Task statement> Every line below between the line holding "İçme şişelerinin preform şekli ." and the line holding "Property photo 2 of 10 Picture No. 05", inclusive, should be repeated exactly, and all other lines omitted.

Start of Available data

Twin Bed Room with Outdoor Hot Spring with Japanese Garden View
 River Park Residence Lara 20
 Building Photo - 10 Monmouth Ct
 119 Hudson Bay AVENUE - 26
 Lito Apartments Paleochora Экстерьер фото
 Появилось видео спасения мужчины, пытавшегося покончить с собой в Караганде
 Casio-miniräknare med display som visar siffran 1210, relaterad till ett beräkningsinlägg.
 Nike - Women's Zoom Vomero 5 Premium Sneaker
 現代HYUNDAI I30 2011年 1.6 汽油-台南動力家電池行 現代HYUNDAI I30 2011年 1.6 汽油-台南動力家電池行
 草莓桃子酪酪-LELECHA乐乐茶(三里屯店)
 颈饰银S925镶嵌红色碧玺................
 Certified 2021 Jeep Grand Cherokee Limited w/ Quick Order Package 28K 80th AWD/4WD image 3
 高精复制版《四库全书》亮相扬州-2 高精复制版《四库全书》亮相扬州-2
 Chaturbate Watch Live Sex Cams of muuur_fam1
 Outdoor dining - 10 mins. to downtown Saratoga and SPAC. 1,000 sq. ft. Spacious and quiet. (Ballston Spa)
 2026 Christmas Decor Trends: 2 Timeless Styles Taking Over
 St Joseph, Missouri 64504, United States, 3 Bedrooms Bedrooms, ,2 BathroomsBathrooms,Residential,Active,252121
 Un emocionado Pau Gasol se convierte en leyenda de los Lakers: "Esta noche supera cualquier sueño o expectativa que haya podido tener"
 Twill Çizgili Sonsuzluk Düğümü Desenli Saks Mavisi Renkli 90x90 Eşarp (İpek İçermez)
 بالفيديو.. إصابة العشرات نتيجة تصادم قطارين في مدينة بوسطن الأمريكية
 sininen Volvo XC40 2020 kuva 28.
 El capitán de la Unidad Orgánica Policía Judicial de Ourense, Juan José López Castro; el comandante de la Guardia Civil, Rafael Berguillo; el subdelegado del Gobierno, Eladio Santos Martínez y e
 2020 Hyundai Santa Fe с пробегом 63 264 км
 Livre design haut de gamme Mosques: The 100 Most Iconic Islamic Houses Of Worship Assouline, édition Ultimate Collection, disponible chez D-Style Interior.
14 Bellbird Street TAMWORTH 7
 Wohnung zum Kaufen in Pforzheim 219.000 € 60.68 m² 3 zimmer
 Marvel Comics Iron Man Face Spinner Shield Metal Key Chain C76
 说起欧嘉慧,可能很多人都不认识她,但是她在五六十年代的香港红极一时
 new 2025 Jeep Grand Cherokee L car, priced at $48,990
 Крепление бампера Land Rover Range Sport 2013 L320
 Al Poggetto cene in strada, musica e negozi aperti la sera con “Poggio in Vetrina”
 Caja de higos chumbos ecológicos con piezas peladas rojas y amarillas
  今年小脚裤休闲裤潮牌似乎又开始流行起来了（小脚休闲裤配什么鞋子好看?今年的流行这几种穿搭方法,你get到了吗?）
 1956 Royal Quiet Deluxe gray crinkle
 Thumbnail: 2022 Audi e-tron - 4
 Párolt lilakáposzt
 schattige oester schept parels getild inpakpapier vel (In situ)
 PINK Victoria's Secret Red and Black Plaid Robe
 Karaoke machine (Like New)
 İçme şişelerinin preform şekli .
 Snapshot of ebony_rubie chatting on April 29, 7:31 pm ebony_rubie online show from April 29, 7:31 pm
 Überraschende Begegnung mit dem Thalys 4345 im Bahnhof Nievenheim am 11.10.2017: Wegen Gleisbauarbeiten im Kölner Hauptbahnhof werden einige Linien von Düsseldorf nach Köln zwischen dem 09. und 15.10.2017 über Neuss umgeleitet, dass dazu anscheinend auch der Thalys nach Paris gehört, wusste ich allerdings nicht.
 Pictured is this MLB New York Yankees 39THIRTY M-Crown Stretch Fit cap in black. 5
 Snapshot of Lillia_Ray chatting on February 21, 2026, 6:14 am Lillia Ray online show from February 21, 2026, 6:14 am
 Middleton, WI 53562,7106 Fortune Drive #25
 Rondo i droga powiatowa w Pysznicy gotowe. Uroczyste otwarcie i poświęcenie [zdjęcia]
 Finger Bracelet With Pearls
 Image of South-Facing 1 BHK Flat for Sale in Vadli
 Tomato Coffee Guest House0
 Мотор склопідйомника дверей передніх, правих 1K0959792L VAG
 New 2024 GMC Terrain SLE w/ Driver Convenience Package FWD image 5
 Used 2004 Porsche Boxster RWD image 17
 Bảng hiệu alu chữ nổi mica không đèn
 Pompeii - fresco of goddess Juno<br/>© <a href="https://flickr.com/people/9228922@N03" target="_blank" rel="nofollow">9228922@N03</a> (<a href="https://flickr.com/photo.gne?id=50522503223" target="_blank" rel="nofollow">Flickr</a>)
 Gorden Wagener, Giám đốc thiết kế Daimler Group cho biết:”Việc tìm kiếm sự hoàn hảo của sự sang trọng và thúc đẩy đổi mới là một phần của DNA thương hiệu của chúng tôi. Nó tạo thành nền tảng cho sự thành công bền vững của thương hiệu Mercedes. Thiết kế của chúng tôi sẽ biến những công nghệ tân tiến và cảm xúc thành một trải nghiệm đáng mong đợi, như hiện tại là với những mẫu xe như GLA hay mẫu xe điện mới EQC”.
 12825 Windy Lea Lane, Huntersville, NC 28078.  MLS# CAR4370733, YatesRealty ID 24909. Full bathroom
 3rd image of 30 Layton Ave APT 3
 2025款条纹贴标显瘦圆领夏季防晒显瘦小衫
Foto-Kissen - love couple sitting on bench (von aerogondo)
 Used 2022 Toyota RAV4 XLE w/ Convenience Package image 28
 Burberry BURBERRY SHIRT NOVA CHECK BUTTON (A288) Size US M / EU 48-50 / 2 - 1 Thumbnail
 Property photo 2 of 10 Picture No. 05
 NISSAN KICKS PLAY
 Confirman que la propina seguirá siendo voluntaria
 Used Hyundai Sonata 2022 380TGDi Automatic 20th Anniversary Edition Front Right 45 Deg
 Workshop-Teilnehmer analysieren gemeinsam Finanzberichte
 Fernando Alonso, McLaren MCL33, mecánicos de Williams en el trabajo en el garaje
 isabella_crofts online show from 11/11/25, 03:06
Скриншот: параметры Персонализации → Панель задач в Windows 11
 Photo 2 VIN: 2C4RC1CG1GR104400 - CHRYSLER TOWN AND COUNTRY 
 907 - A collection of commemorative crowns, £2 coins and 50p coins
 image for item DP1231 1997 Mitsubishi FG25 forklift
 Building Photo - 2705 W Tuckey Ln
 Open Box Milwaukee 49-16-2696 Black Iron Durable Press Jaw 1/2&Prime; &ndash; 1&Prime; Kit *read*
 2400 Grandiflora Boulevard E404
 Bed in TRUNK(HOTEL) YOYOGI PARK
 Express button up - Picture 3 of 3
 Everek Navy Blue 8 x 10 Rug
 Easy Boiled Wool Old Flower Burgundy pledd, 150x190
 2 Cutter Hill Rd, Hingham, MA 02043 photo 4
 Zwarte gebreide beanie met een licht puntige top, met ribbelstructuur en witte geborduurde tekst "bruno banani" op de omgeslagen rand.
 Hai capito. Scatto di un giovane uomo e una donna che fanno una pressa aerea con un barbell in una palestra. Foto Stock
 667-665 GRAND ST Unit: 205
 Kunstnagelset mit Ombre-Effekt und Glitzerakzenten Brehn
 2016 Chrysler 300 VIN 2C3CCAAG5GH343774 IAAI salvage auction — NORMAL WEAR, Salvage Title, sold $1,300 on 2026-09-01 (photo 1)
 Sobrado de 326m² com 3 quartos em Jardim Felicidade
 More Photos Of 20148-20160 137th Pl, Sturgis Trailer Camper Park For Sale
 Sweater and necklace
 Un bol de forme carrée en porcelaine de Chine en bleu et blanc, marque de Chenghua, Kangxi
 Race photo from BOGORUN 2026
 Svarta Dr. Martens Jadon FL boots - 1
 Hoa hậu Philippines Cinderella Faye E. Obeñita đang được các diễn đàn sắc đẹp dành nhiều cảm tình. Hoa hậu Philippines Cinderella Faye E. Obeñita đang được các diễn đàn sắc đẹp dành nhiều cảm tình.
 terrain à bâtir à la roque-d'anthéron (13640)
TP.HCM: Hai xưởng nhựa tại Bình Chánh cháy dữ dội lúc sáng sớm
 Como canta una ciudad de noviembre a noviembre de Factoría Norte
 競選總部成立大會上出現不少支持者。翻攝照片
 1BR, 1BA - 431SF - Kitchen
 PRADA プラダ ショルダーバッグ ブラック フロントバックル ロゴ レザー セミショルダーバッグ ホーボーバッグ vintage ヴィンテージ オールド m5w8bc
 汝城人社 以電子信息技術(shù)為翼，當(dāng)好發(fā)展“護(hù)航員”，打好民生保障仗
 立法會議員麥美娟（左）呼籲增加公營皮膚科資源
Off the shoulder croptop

End of Available data

Written response>
 İçme şişelerinin preform şekli .
 Snapshot of ebony_rubie chatting on April 29, 7:31 pm ebony_rubie online show from April 29, 7:31 pm
 Überraschende Begegnung mit dem Thalys 4345 im Bahnhof Nievenheim am 11.10.2017: Wegen Gleisbauarbeiten im Kölner Hauptbahnhof werden einige Linien von Düsseldorf nach Köln zwischen dem 09. und 15.10.2017 über Neuss umgeleitet, dass dazu anscheinend auch der Thalys nach Paris gehört, wusste ich allerdings nicht.
 Pictured is this MLB New York Yankees 39THIRTY M-Crown Stretch Fit cap in black. 5
 Snapshot of Lillia_Ray chatting on February 21, 2026, 6:14 am Lillia Ray online show from February 21, 2026, 6:14 am
 Middleton, WI 53562,7106 Fortune Drive #25
 Rondo i droga powiatowa w Pysznicy gotowe. Uroczyste otwarcie i poświęcenie [zdjęcia]
 Finger Bracelet With Pearls
 Image of South-Facing 1 BHK Flat for Sale in Vadli
 Tomato Coffee Guest House0
 Мотор склопідйомника дверей передніх, правих 1K0959792L VAG
 New 2024 GMC Terrain SLE w/ Driver Convenience Package FWD image 5
 Used 2004 Porsche Boxster RWD image 17
 Bảng hiệu alu chữ nổi mica không đèn
 Pompeii - fresco of goddess Juno<br/>© <a href="https://flickr.com/people/9228922@N03" target="_blank" rel="nofollow">9228922@N03</a> (<a href="https://flickr.com/photo.gne?id=50522503223" target="_blank" rel="nofollow">Flickr</a>)
 Gorden Wagener, Giám đốc thiết kế Daimler Group cho biết:”Việc tìm kiếm sự hoàn hảo của sự sang trọng và thúc đẩy đổi mới là một phần của DNA thương hiệu của chúng tôi. Nó tạo thành nền tảng cho sự thành công bền vững của thương hiệu Mercedes. Thiết kế của chúng tôi sẽ biến những công nghệ tân tiến và cảm xúc thành một trải nghiệm đáng mong đợi, như hiện tại là với những mẫu xe như GLA hay mẫu xe điện mới EQC”.
 12825 Windy Lea Lane, Huntersville, NC 28078.  MLS# CAR4370733, YatesRealty ID 24909. Full bathroom
 3rd image of 30 Layton Ave APT 3
 2025款条纹贴标显瘦圆领夏季防晒显瘦小衫
Foto-Kissen - love couple sitting on bench (von aerogondo)
 Used 2022 Toyota RAV4 XLE w/ Convenience Package image 28
 Burberry BURBERRY SHIRT NOVA CHECK BUTTON (A288) Size US M / EU 48-50 / 2 - 1 Thumbnail
 Property photo 2 of 10 Picture No. 05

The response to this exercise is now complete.